Guides | Trellis documentation

All communication between services goes through NATS. There are three primary patterns: RPCs, operations, and events. Trellis also exposes feeds for caller-authorized live views.

RPCs (request/reply)

RPCs are synchronous operations. A caller sends a request and waits for a response.

Subject convention: rpc.v1.<LogicalName> (e.g., rpc.v1.User.Find)
Callers use logical method names (e.g., "User.Find"), not raw subjects
Timeout-bounded (default 5 seconds)
Both sides use Result<T, E>; errors are values, not exceptions

Operations (async workflows)

Operations are caller-visible async workflows. Unlike RPCs, they accept a request, emit typed progress updates, and complete with a terminal result that the caller watches or waits for.
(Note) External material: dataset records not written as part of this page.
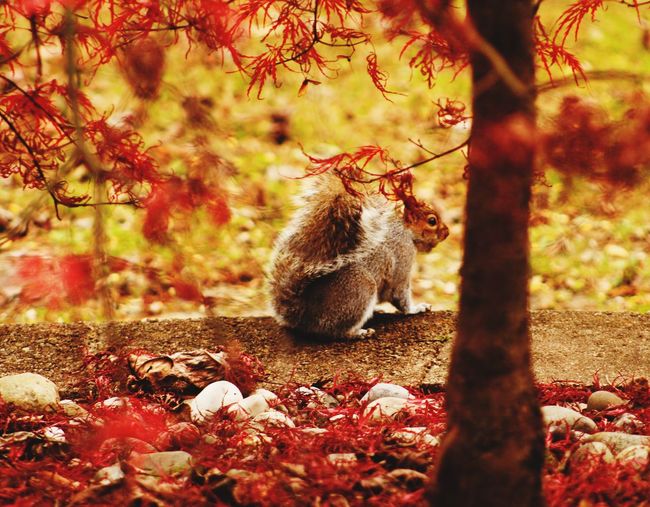View of squirrel on tree during autumn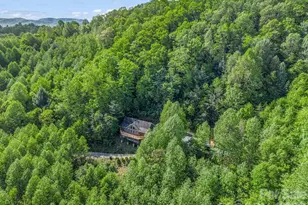 603 Pace Mountain Rd, Saluda, NC 28773 - Photo 36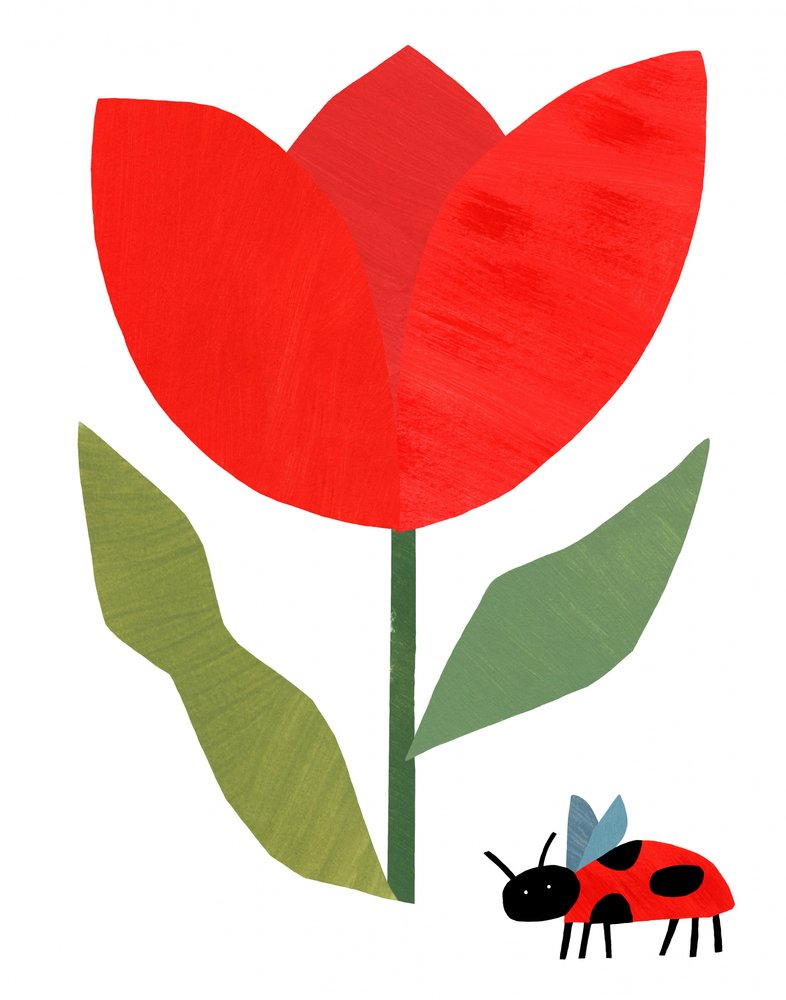 Rode tulp en lieveheersbeestje door Susan Black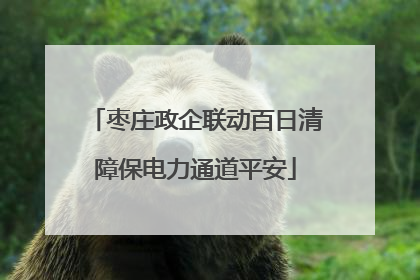 枣庄政企联动百日清障保电力通道平安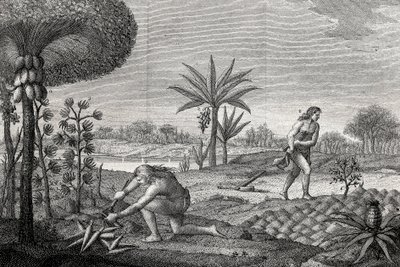 Indigeni che lavorano la terra nel bacino dell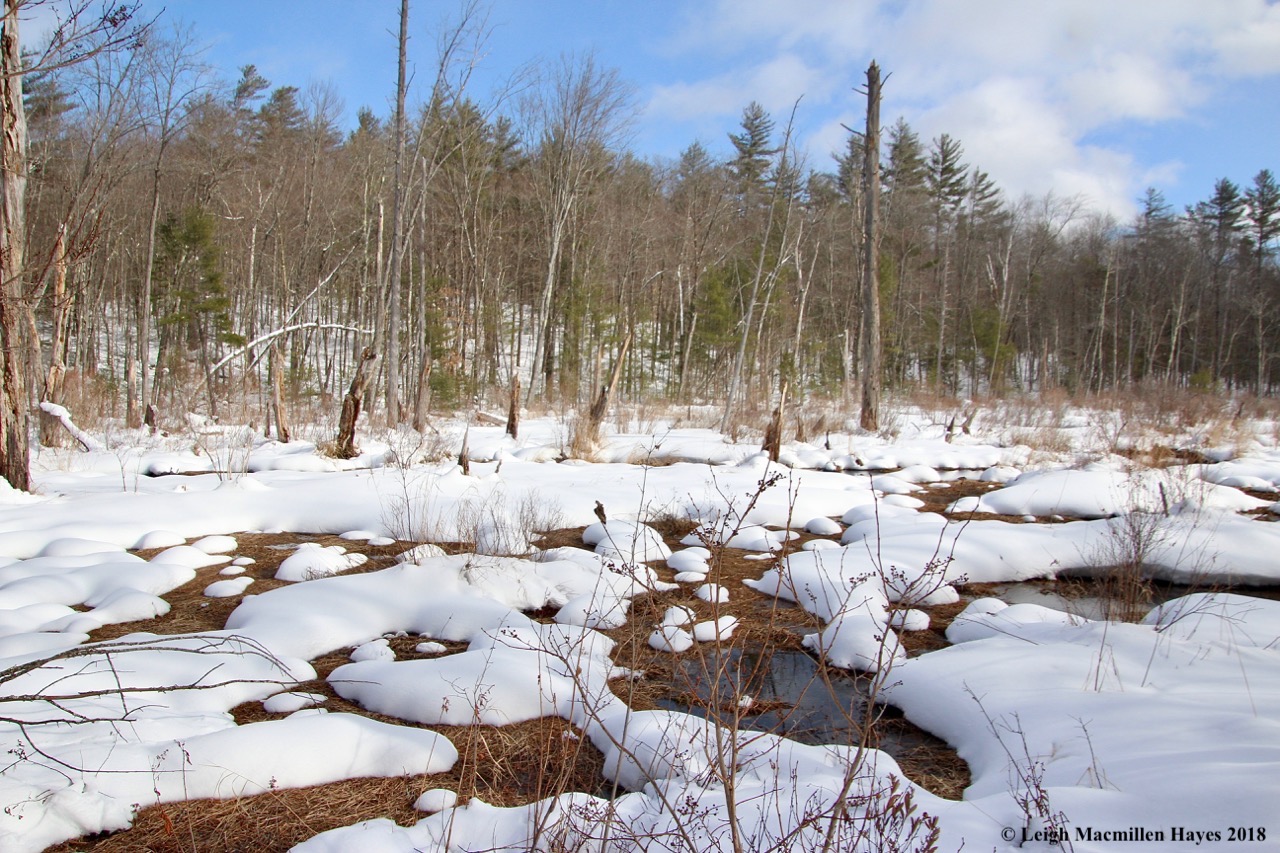 f29-beaver pond wetland low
Subject convention: operations.v1.<Domain>.<Action> (e.g., operations.v1.Billing.Refund)
Callers receive an OperationRef and can call watch() for a progress stream or wait() to block until completion
Operation state is durable; a caller reconnecting after a disconnect can resume watching an in-flight operation
Callers see only their own operations; subject permissions prevent cross-caller access
Starting an operation is controlled by its call capabilities.
The observe capability gates get, wait, and watch access to an operation’s progress and terminal result. When observe is omitted, Trellis defaults it to the same set as call.
The cancel capability gates operation cancellation.
The control capability gates named signals.
An explicit empty observe, cancel, or control list means no extra capability beyond authentication is required for that action.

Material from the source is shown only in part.